Recensé : Pascal Bastien, Une histoire de la peine de mort. Bourreaux et supplices. Paris, Londres, 1500-1800, Seuil, coll. « L’Univers historique », 2011, 339 p.
C’est une sculpture du Christ assis sur une chaise électrique, qui a été inaugurée il y a maintenant deux ans dans la cathédrale de Gap. Œuvre de l’artiste Peter Fryer, elle a pour ambition de remplacer bien sûr la croix comme supplice par la chaise électrique, mais surtout, en faisant disparaître la croix et en actualisant le châtiment, de rappeler la centralité historique de la peine de mort en Occident. Et dès l’introduction de son ouvrage, Pascal Bastien écrit : « la civilisation chrétienne repose sur une erreur judiciaire et le Christ […] reste pourtant, d’abord et avant tout, un condamné à mort. La culture chrétienne jaillit ainsi d’une exécution capitale ». Cela n’explique pas la longévité de la peine capitale dans le droit européen, et notamment français, mais permet de comprendre les investissements superposés dont l’exécution fait l’objet : à la fois peine d’inspiration religieuse, militaire, marque du contrôle des corps des sujets par le souverain, rituel d’obéissance et, dans les sociétés sécularisées, élément de l’édification des masses et de défense de la société. Les sens attachés à cette peine varient tant d’une société et d’une époque à l’autre que l’on devrait plutôt parler des peines de mort. Précisément, l’ouvrage de Pascal Bastien a pour ambition de comparer la place de la peine de mort dans les édifices pénaux, et les représentations médiévales et modernes à Paris et à Londres.

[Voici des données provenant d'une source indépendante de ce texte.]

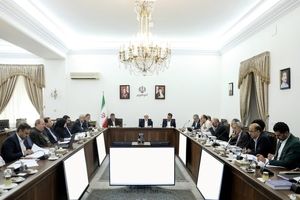 عارف: بودجه دولتی کفاف حل آسیب‌های اجتماعی را نمی‌دهد
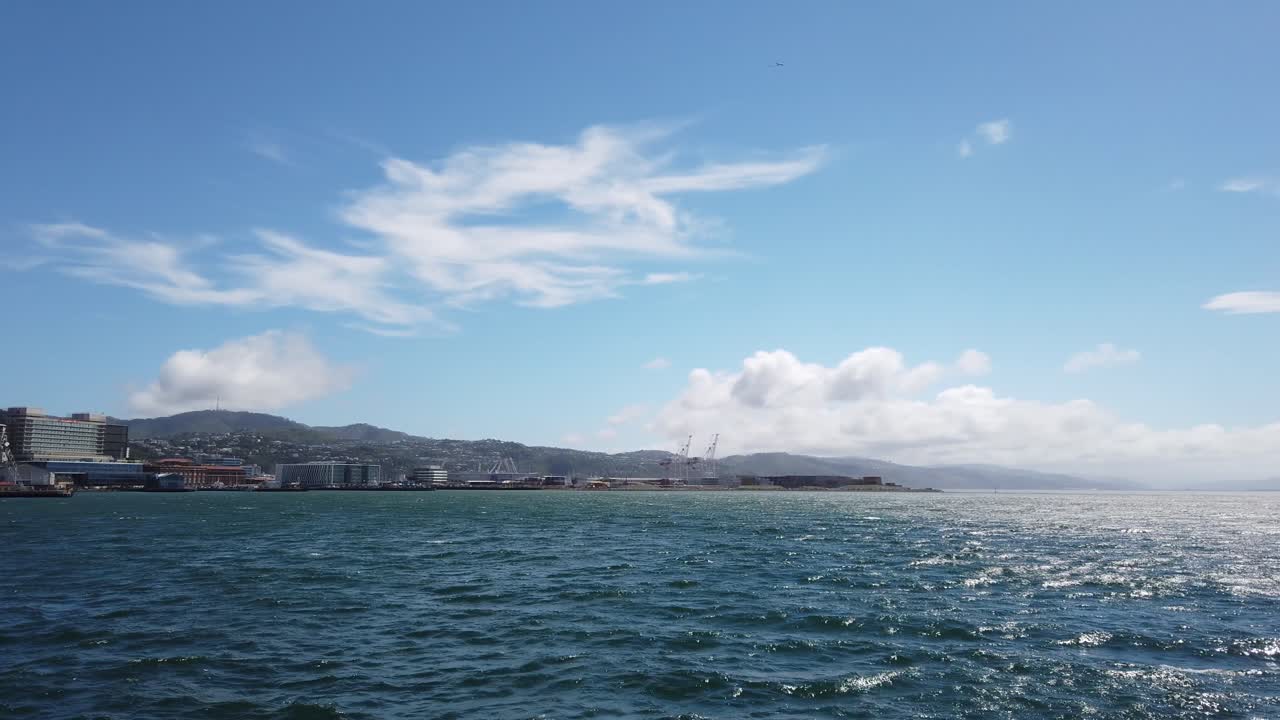 웰링턴 부두의 화창한 날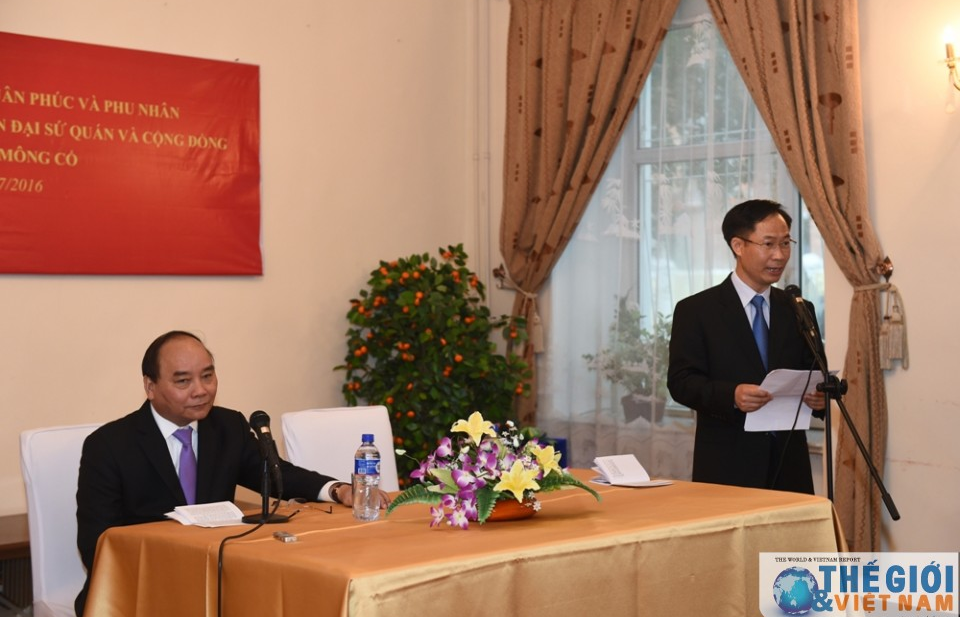 Thủ tướng thăm Đại sứ quán Việt Nam tại Mông Cổ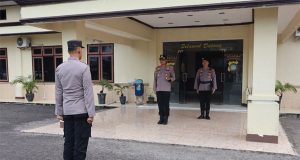 Kapolres Belitung Timur Berikan Penghargaan Personel Polres Belitung Timur Yang Berprestasi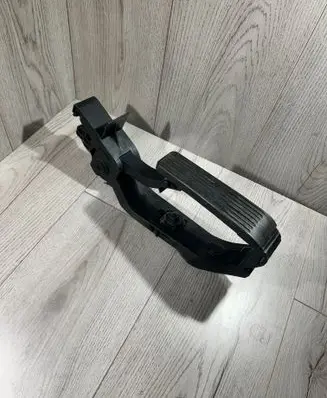 Mercedes-Benz C W203 Accelerator throttle pedal A2113000404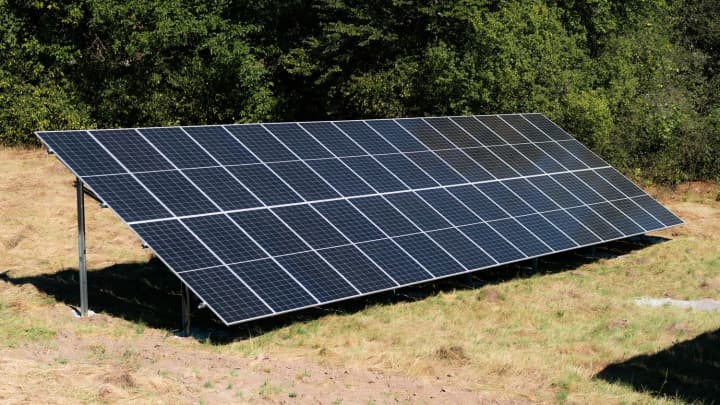 u-hromadi-na-kyivshchyni-vstanovyly-soniachnu-elektrostantsiiu-dlia-bezperebiinoho-vodopostachannia-pid-chas-blekautiv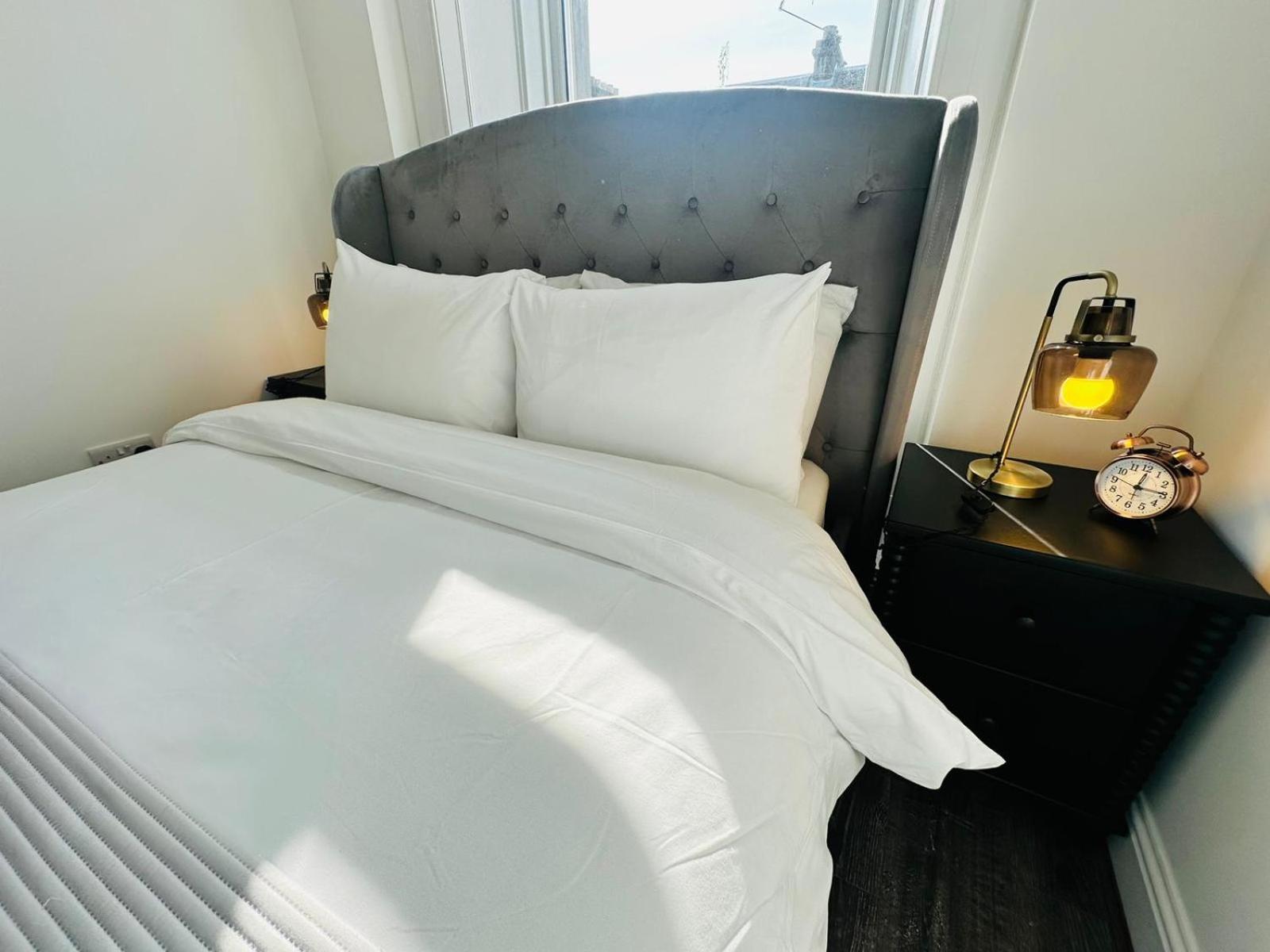 Barnet House Serviced Apartments Dunfermline Esterno foto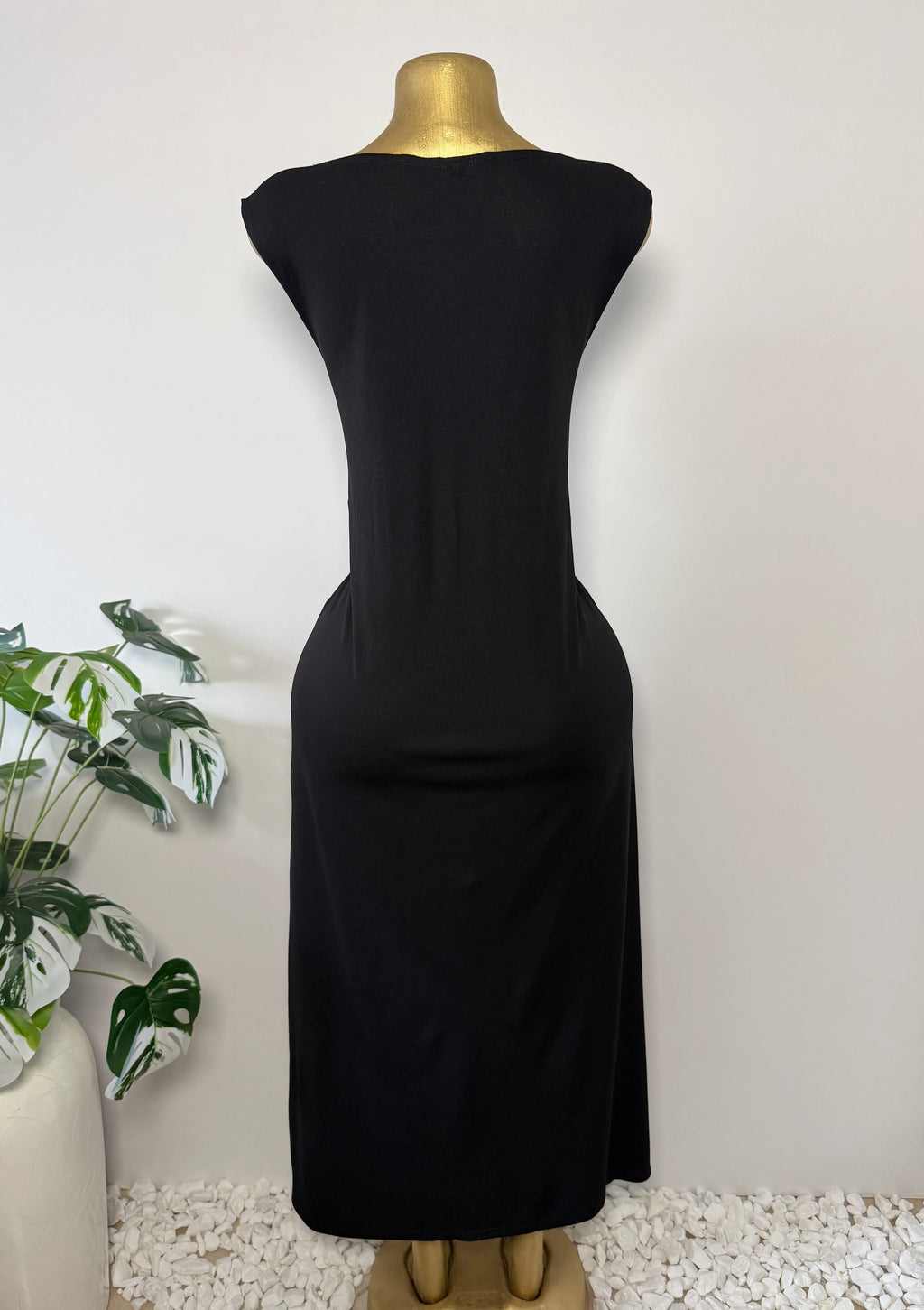 Josephine Chaus Black Cap-Sleeve Midi Dress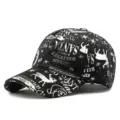 Cappellino natalizio in peluche nero con stampe argentate di Babbo Natale e renne. - Adatto per Circonferenza Testa 55-60cm (Regolabile) / Nero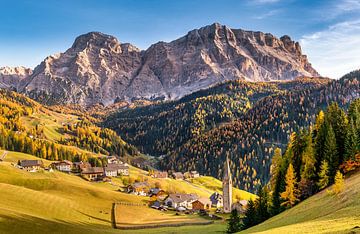 Herfstsfeer in de Alpen in Zuid-Tirol. van Voss Fine Art Fotografie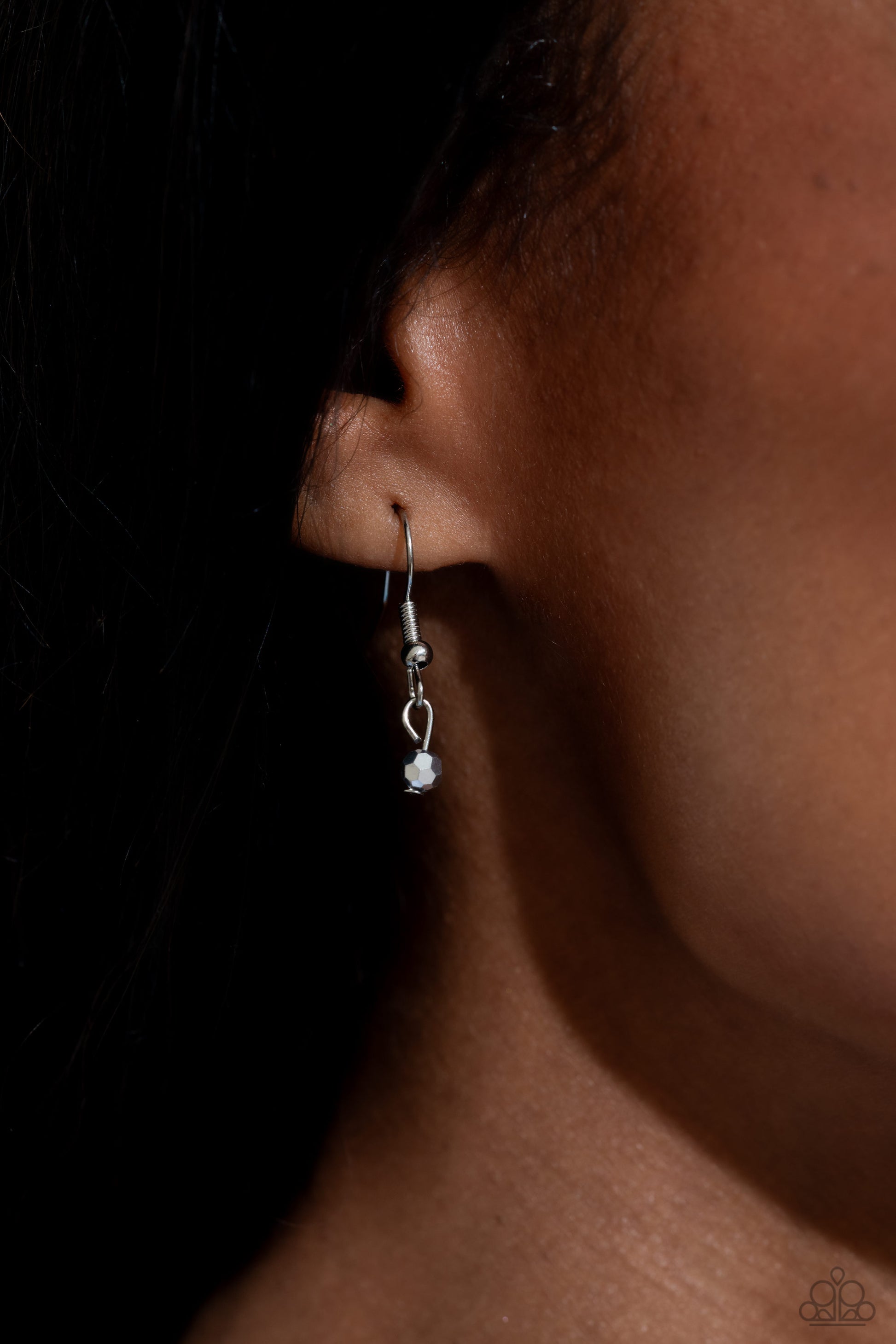 backstage-beauty-silver-p2da-svxx-370qy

Peine de mort et processus de civilisation
D’un point de vue historiographique, le livre a plusieurs mérites. Il travaille sur un objet historique disparu – puisque la peine de mort a été abolie en Grande-Bretagne en 1964 et en France en 1981 –, ce qui contribue à accroître sa dimension exotique, et rend d’autant plus nécessaire la restitution fine des sensibilités à cette peine que notre époque ne les connaît plus. Même si le mot n’est pas prononcé, il s’agit là d’une histoire « compréhensive », qui entend rappeler la familiarité des contemporains à la mise à mort publique. L’ouvrage offre aussi une rare perspective comparée de deux villes, qui accueillent et produisent l’exécution, et en déterminent les formes pour une grande part, tant le rituel de l’exécution est enchâssé dans une certaine culture urbaine. Enfin, il s’éloigne des approches qui n’envisagent la peine de mort que dans le grand récit de son abolition, pour travailler sur une période où la fin du châtiment suprême n’est pas débattue, à l’exception d’une offensive abolitionniste en 1791 en France [1]. La peine de mort est solidement installée dans le droit, s’y est naturalisée, et est largement soutenue par les élites.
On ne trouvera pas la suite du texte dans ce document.